Senior Project Spin-Off: The AceMail Project
This page is about the Senior Project course I completed last December, and the subsequent port of the original project to a Free Open Source Software (FOSS) release under the Gnu General Public (GPL) license.
Senior Project
The University Computer Science Department describes the senior project course as a “Software development project requirement specifications, design, implementation, testing, and documentation”. Additionally, the University requires the student to take the Computer Science Major Field Exam. Ultimately, the Senior Project course is designed as the capstone course for the Computer Science undergraduate student. It is also an opportunity for the student to express his or her software engineering chops. At the end of the 10-week course a 30-minute discussion and demonstration is hosted by the project team members for the department and members of the public.
AceMail
AceMail is the name I gave to my FOSS branch of the original project, dubbed Net Admin… There are a variety of differences between the two projects, but the branch is essentially a particular implementation of the original. By particular, I mean that I made a variety of minor changes, and a few major changes to the original. Net Admin… was a team project, and the FOSS release of AceMail is my own work. Both the original and the branch serve the same purpose. AceMail is a complete web-based email, address book and file management service. If you’ve seen Google Corporation’s Gmail and Google Docs services, you have a general idea of what AceMail is and does. If you have a .pdf viewer you can download and view the poster my team created for the Net Admin… project as part of our course requirements here:Net Admin... Poster
Why
AceMail essentially represents a fairly standard implementation of a server-client web-based data storage and retrieval system. There is nothing particularly unique about the AceMail project, and the idea was not my first choice, but rather a compromise made between my senior project teammate and me. While working on the Net Admin... project, I decided that I would like to eventually release the code under an open source license. There are several reasons for this:- I put an enormous amount of work into the project, and as such it is a fairly robust system that capably demonstrates my abilities as an entry-level software engineer. That is, it gives me some extra street cred.
- I have benefited greatly from a variety of open source projects. I cannot stress enough how greatly the efforts of others who have freely shared their software development knowledge and code has improved, and continues to improve, my own understanding of the art. The AceMail project is an opportunity for me to give something back to the community that I have benefited deeply from.

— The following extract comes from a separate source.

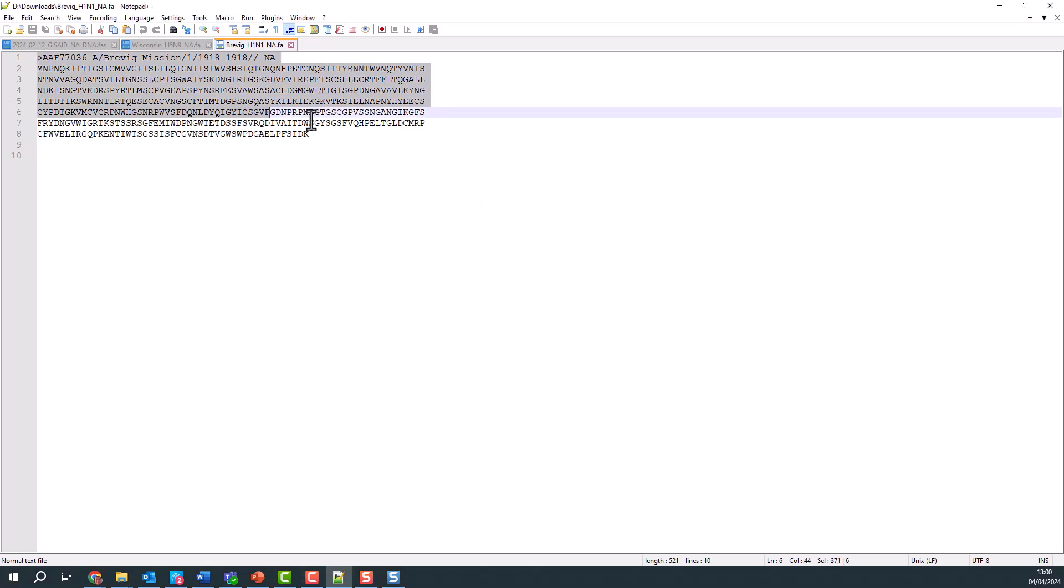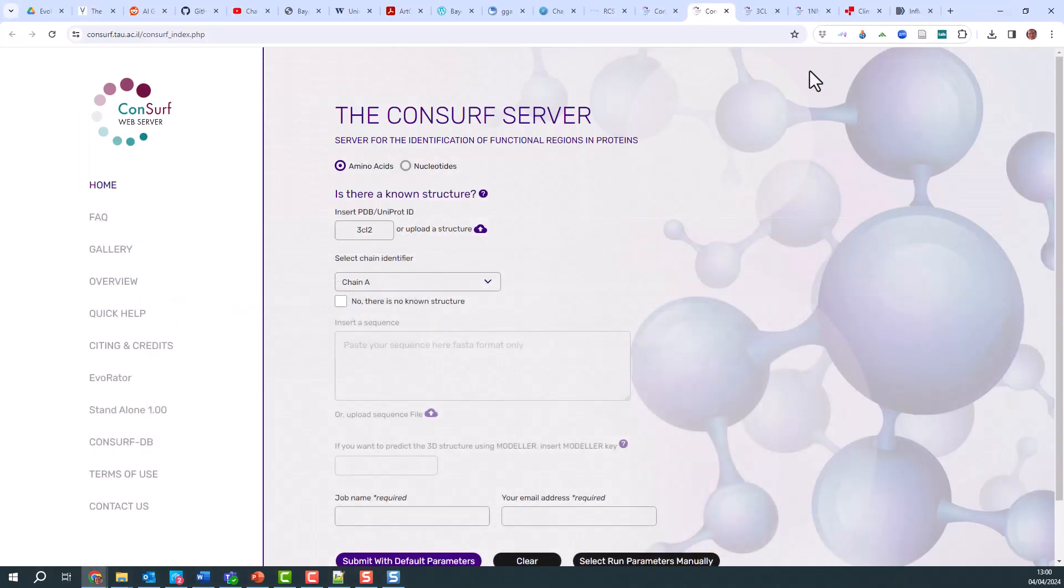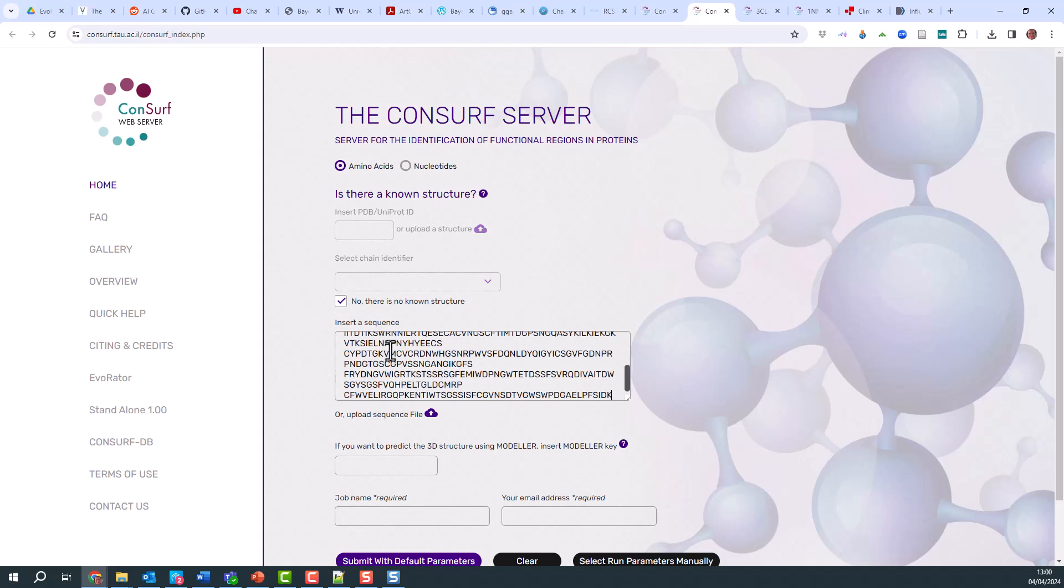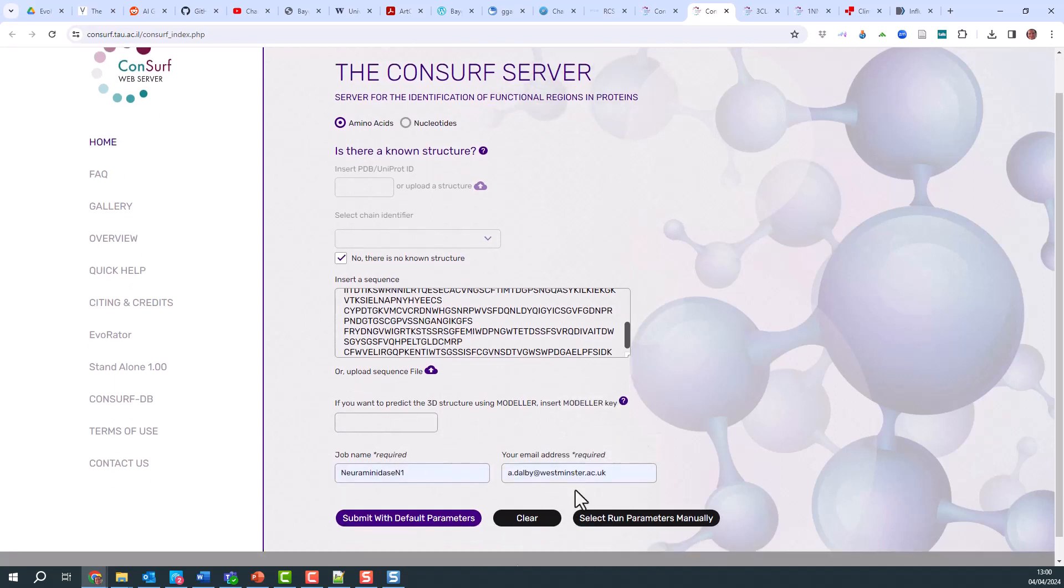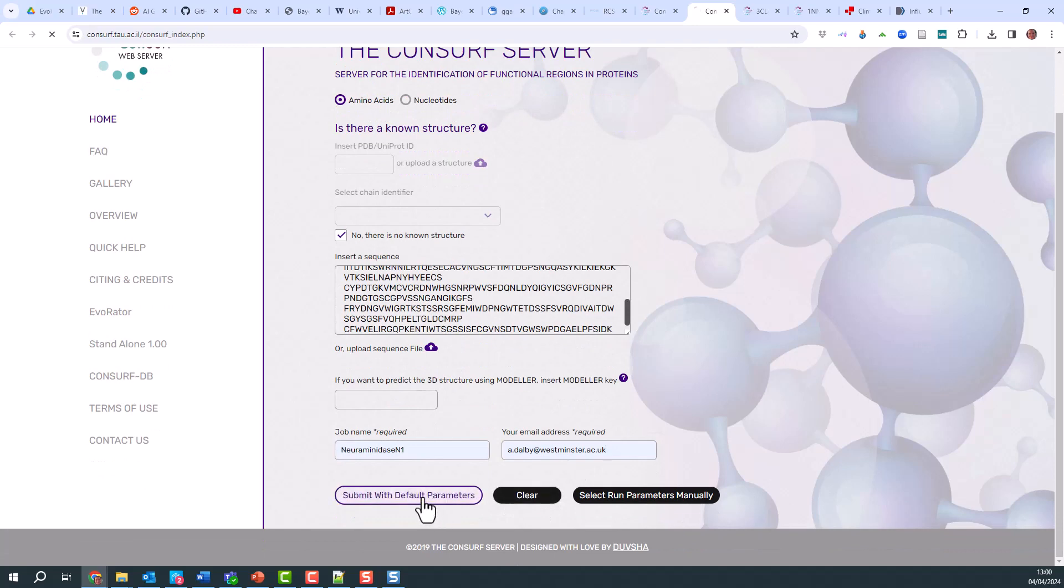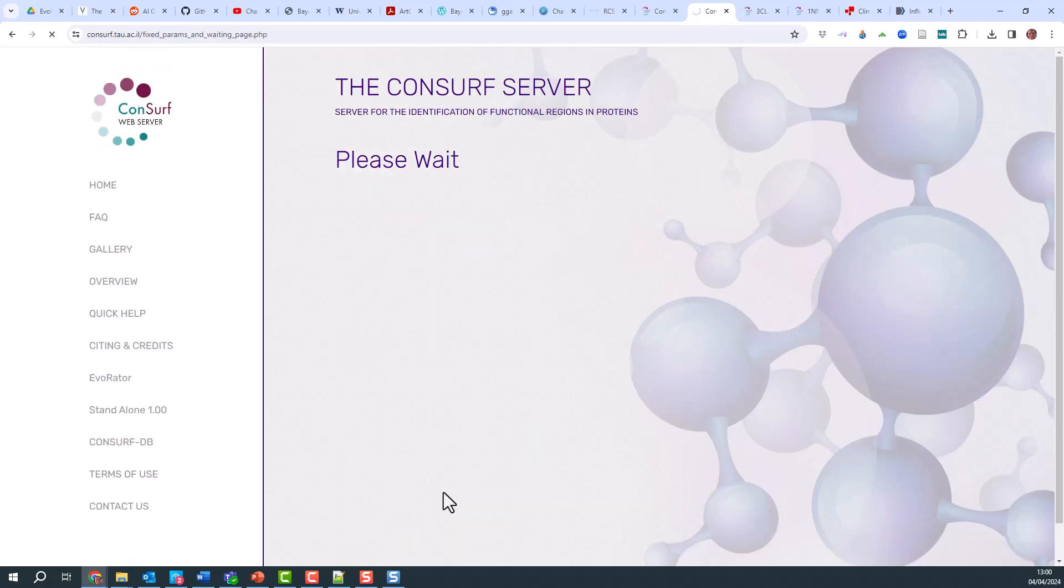Here's the fasta file. If I copy it, and then say there's no known structure, paste it in, give it a job name which is neuraminidase N1, my email address as usual, submit with the default parameters, and let's see what this gives us.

- The project demonstrates the use of a wide variety of software technology, and others interested in software development may find benefit in reviewing the code and its implementation. AceMail represents the successful integration of aforementioned wide variety of technology, and in the process reveals solutions to a large number of the standard, and a few of the unique problems inherent in projects like this. In this way, AceMail may prove to have some academic value to others interested in software analysis, design and engineering.
- AceMail itself may prove useful as the starting point for a software engineering solution for a novel problem. In particular, AceMail provides an ASP.NET front-end integrated with a database and the widely used free hMail mailServer. As far as I know, AceMail may be the most comprehensive and robust ASP.NET front-end for hMailServer currently available.
Open Source Software Development
The primary reason I created a new implementation of the original project as AceMail is due to the fact that the original project failed in a variety of ways to meet the requirements for release under the GPL. This created a problem due to the fact that I could not publish the original project verbatim under any open source license; because the original project included open source software libraries and plug-ins that were released under the GPL, and others that are not GPL compatible. The GPL is somewhat interesting in the sense that it is perfectly legal to use GPL licensed software in any otherwise legal project, but is not legal to distribute or publish such software unless all of the software used in the project is GPL compatible (the reason the GPL is often considered a viral license). In this case, the hMailServer email server release that my team used for Net Admin… was published under the GPL. In order for me to release AceMail then, I had to ensure that the entire project was GPL compatible or not use hMailServer libraries (and some of the other third-party software used in Net Admin…).